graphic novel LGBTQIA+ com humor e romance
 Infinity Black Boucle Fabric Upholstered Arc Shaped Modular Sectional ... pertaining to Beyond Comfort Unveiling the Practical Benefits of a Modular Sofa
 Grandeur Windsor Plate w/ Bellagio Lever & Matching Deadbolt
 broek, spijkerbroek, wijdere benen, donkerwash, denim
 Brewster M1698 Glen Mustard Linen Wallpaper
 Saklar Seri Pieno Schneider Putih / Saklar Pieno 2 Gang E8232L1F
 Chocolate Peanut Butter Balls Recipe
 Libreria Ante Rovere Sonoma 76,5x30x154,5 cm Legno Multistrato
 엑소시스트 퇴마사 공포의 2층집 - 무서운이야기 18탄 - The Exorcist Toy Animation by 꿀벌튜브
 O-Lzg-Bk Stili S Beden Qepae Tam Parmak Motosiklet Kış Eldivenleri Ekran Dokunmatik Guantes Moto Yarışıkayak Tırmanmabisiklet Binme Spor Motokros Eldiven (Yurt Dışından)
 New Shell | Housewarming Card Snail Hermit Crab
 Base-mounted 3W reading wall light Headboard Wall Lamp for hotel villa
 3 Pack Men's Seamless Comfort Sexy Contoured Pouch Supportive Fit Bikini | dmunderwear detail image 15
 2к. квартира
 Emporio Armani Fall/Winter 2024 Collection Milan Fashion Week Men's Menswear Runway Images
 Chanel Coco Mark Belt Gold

TASK REQUIREMENTS: Looking at the material above, count the lines containing the string "Comfort" and reply with the count alone.

OUTPUT FOR THIS EXERCISE: 2